La tape est un petit succès, sauf que le mariage tombe bientôt à l’eau à cause des infidélités de Skinny. Mais avant que le divorce ne soit finalement prononcé en 1995 et que Barbara ne le clame fièrement sur sa plaque d’immatriculation, Skinny a eu une idée des plus tordues. Barbara ne travaillera plus avec lui ? Qu’à cela ne tienne, mais lui va continuer malgré tout de capitaliser sur son nom en sortant d’autres disques présentés comme ceux de son ex, titrés Something For The Streets 2 et Strictly For That Ni**a. Sauf que sur ces deux projets, ce n’est plus du tout Barbara qui rappe, mais bien lui. Skinny écrit les textes de son point de vue à elle, enregistre sa voix en studio et la pitche de telle sorte à ce qu’on puisse la prendre pour une voix féminine. Les raisons à cette imposture sont nombreuses selon les internautes (qui évidemment sont tous spécialistes en psychologie), et j’irais un peu dans leur sens en constatant, moi aussi, que ces deux tapes prennent vraiment la forme d’une catharsis pour cet homme qui, à même pas 20 ans, est déjà fraîchement divorcé et semble franchement regretter d’avoir perdu ce qu’il se représentait sans doute comme l’amour de sa vie.
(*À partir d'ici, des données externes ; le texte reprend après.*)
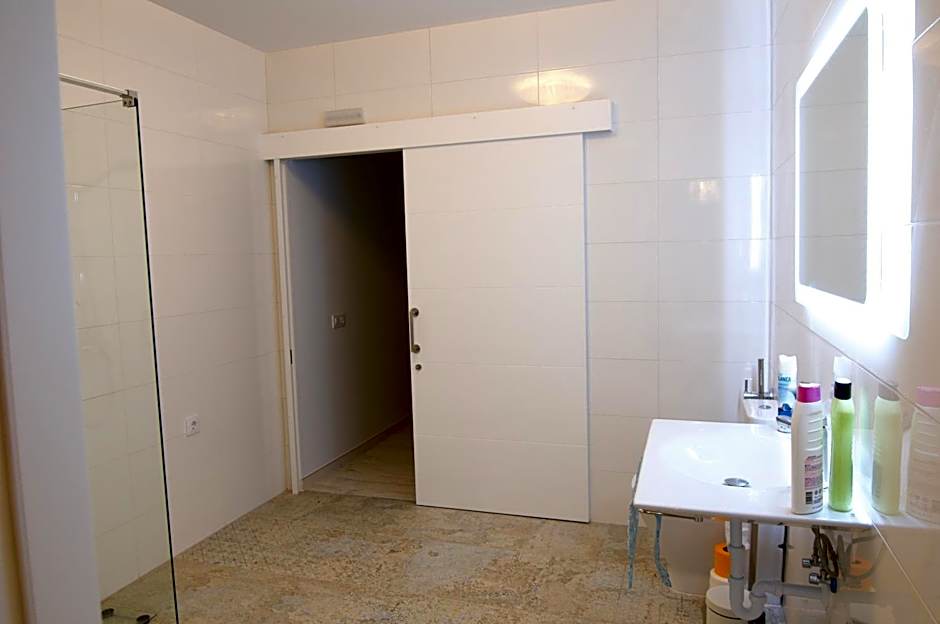 Loft Valentia Tous Calpe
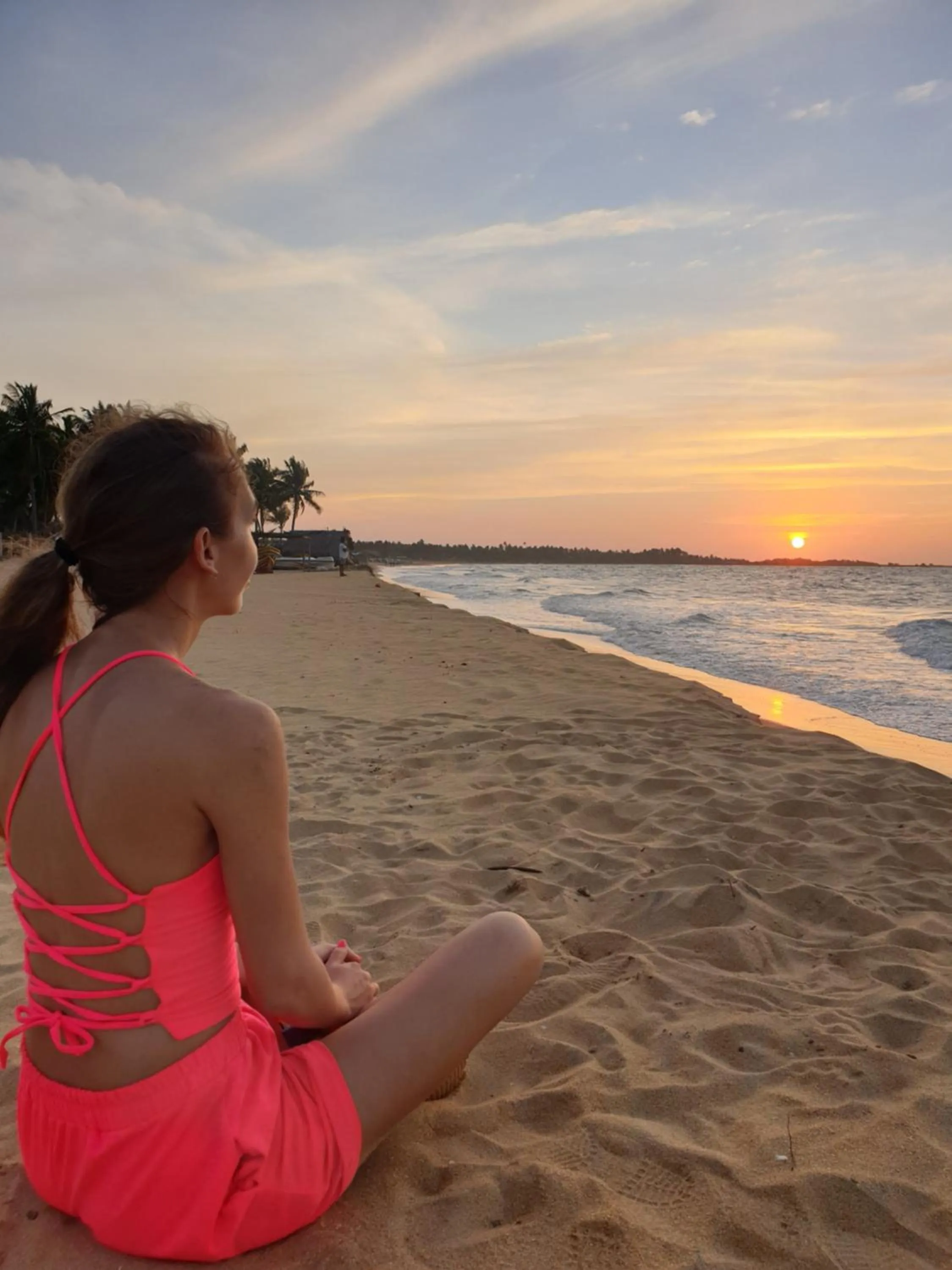 Wellé Wadiya Beach Villa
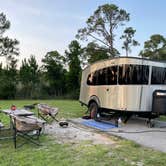 Review photo of Fort Pickens Campground — Gulf Islands National Seashore by Shana D., May 30, 2023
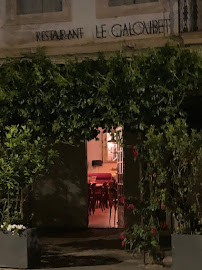 Photos du propriétaire du Restaurant français Le Galoubet à Arles - n°1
Un morceau, qui s’éloigne un peu du registre obscène de Strictly For That Ni**a, vient rendre tout cela particulièrement éclatant. « My Man », c’est en effet l’histoire du mec de Lady Bee qui s’est enfin rangé, qui va à l’église et lui a acheté une maison, avec jardin et piscine. Sauf que c’est écrit par le mec en question, ou plutôt par celui qui ne s’est pas montré à la hauteur, et a perdu son titre de mari. Prendre cette voix-là, cette voix féminine qui aurait fait de lui, s’il avait été démasqué, un rappeur que l’on aurait accusé – pour euphémiser – de ne pas être au clair avec sa sexualité, constituait probablement le seul moyen possible pour lui d’exprimer une forme de vulnérabilité et de tristesse, ce qui rend aussi son auto-critique tout particulièrement touchante, parce qu’elle se met à la place de ce qu’aurait voulu celle à qui il a fait du mal : elle décentre le sujet, tout simplement. Si les confessions clandestines de Kingpin Skinny Pimp, tout comme celles de Juicy J, me semblent si précieuses, c’est bien qu’elles rendent compatibles ce qui ne cesse habituellement de s’exclure.